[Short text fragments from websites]
Start of Block
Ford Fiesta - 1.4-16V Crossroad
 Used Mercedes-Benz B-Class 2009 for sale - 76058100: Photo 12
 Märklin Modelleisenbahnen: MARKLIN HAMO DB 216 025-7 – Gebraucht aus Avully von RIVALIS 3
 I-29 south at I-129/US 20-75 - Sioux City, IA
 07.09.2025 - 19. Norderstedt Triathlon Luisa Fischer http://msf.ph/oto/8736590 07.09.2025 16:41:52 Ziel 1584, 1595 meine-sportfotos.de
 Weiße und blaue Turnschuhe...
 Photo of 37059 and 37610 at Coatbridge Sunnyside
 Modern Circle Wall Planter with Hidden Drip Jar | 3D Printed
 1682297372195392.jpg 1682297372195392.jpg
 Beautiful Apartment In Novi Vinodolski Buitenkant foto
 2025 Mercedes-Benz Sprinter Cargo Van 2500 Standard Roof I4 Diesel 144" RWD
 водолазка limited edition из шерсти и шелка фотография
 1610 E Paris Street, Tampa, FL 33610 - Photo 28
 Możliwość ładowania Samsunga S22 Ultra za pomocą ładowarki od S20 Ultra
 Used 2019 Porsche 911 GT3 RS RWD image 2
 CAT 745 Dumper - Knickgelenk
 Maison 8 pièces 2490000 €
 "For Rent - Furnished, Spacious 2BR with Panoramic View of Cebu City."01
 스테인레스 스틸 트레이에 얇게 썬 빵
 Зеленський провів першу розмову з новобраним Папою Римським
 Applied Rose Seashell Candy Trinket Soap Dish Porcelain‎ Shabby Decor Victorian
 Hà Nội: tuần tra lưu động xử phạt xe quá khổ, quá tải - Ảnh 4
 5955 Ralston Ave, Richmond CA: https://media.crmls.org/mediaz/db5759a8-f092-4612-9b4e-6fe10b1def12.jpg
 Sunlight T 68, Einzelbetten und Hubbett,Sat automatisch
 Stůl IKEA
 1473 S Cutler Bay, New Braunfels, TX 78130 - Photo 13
End of Block
▸ **Work required**:
The required output is every line from the one with "Maison 8 pièces 2490000 €" to the final line of the entries, repeated exactly and with nothing else.

▸ **Written solution**:
 Maison 8 pièces 2490000 €
 "For Rent - Furnished, Spacious 2BR with Panoramic View of Cebu City."01
 스테인레스 스틸 트레이에 얇게 썬 빵
 Зеленський провів першу розмову з новобраним Папою Римським
 Applied Rose Seashell Candy Trinket Soap Dish Porcelain‎ Shabby Decor Victorian
 Hà Nội: tuần tra lưu động xử phạt xe quá khổ, quá tải - Ảnh 4
 5955 Ralston Ave, Richmond CA: https://media.crmls.org/mediaz/db5759a8-f092-4612-9b4e-6fe10b1def12.jpg
 Sunlight T 68, Einzelbetten und Hubbett,Sat automatisch
 Stůl IKEA
 1473 S Cutler Bay, New Braunfels, TX 78130 - Photo 13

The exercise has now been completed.